We headed round to Cape Jervis, where the ferry leaves for Kangaroo Island. Kangaroo Island had been recommended to us, and it would have been great to go over and see. We decided against it though given the short time frames left in our trip, and ferry costs of over $600 just to get us and the motorhome there and back.
Similar to Rapid Bay, the road heads steeply down the hill to the cape, providing some lovely views.
Just to the north of Cape Jervis is Morgans beach, and also a wind turbine farm!
From Cape Jervis we headed over to Victor Harbor. Here is the view either side of the road about 2/3rds of the way there.
If you are wondering, I haven’t been miss-spelling Harbor – yes it is American spelling as they were the ones involved in whaling here and named the place. It is a pity I didn’t capture the view coming down into Victor Harbor as it was incredibly beautiful.
We had a great time with Ben, Amanda and Noah (their 4 year old). We arrived mid arvo and we all picked up some goodies at the awesome little bakery at Port Elliot. There are lovely little bakeries at several of the various little towns throughout the peninsula. Port Elliot is just a few minutes drive from Victor Harbor – now it is basically a continuous settlement along the coast. We pulled over at picturesque Horseshoe Bay, to enjoy the bakery goodies, take in the scenery, and let the boys have a nice play together.

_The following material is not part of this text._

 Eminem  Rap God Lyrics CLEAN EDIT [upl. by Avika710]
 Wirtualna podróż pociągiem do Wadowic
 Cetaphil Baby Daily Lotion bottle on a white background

We then moved over to the adjoining caravan park where we booked in for the night, while Ben picked up some fish and chips to share for dinner. Of course they batter it down here (not crumbed like in QLD), but it still tasted nice. Haven’t had great success with battered fish in QLD, but I think the batter used down here might be a little thinner. Anyway, thanks guys, it was great to catch up again and spend the evening with you. Good luck in your house hunting.

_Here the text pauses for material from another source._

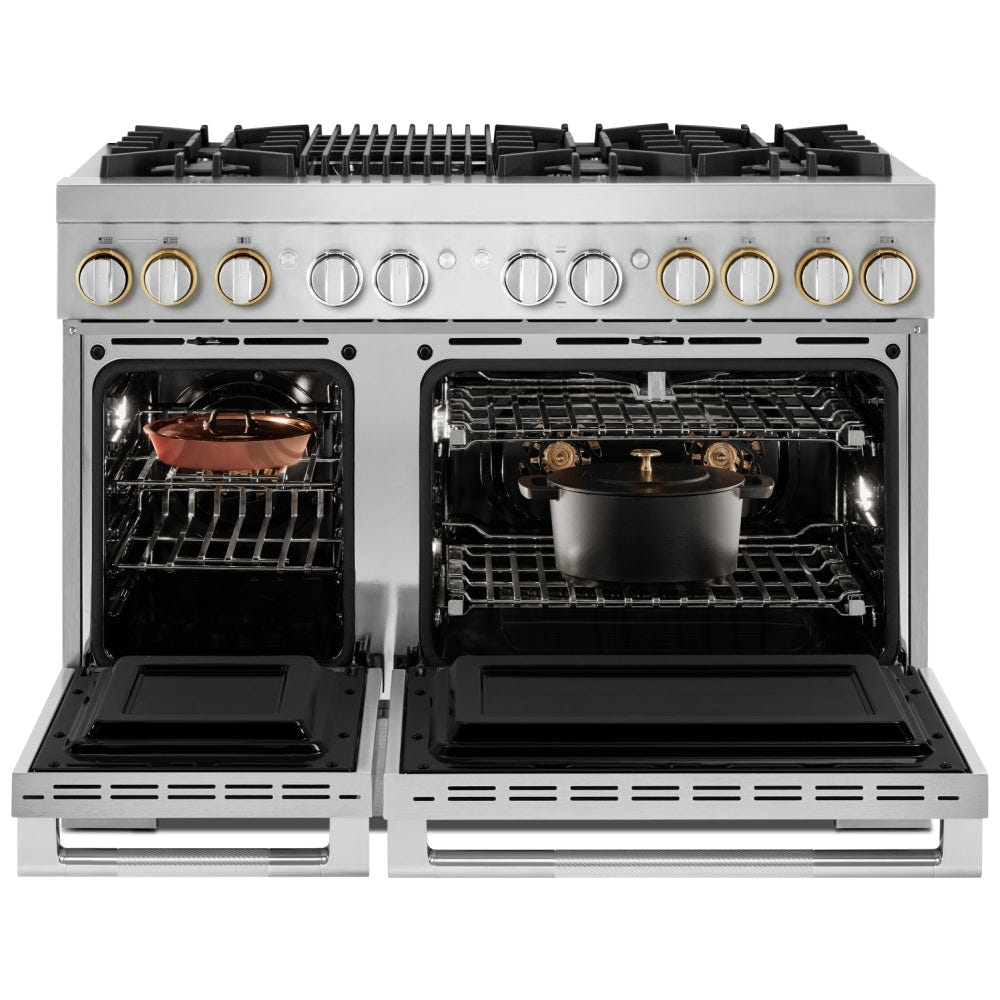 JennAir Rise JDRP648HL Dual Fuel Range, 6.3 cu. ft. Capacity, 48 inch Exterior Width, Convection, 6 Burners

We awoke to another beautiful sunny day, and we did a walk around Horeshoe bay, and the headland to its west.
Yes, lots of nice big holiday homes down here. This place is the where wealthy Adelaidians buy holiday properties for the summer holidays! Ben reckons well over half the places down here are empty most of the year!
Heading a bit further east now, the boys were keen on some body boarding, but at Middleton the surf stretched out a loooong way to where the breaks were – too far for them.
They ended up going in at Goolwa, where the conditions were similar, so they just stayed in the shallower areas. Goolwa is as far as you can go along the coastline, till you run into the Murray River (or some of the waterways around it anyway). Unfortunately, to get to the mouth of the Murray you need to 4wd down the beach.
We stopped the night at a lovely free rest stop in Langhorne. Nice green grass and surrounded by vineyards! Here’s Daniel cooking dinner – that evening I was starting to feel a little off.
I don’t know where the Fleureiu Peninsula ends, and where the Limestone Coast starts, so I’m going to use the Murray River as an arbitrary cross-point! Arriving at Wellington Thursday (20/11), realised that there was no road across – it was a ferry! I thought we’d head just a little further north to Tailem Bend and cross there, but looking at google maps on my phone saw that there was no bridge there either! Went to find out the cost of the ferry at Wellington, and discovered it was free! OK, we won’t bother detouring after all…
As you can see, the weather had turned horrible. We were rather fortunate to see the Fleureiu Peninsula, and catch up with Amanda and Ben at Victor Harbor, when we did. We had beautiful weather, which is just as well because it is a beautiful area and rainy weather wouldn’t have done it justice.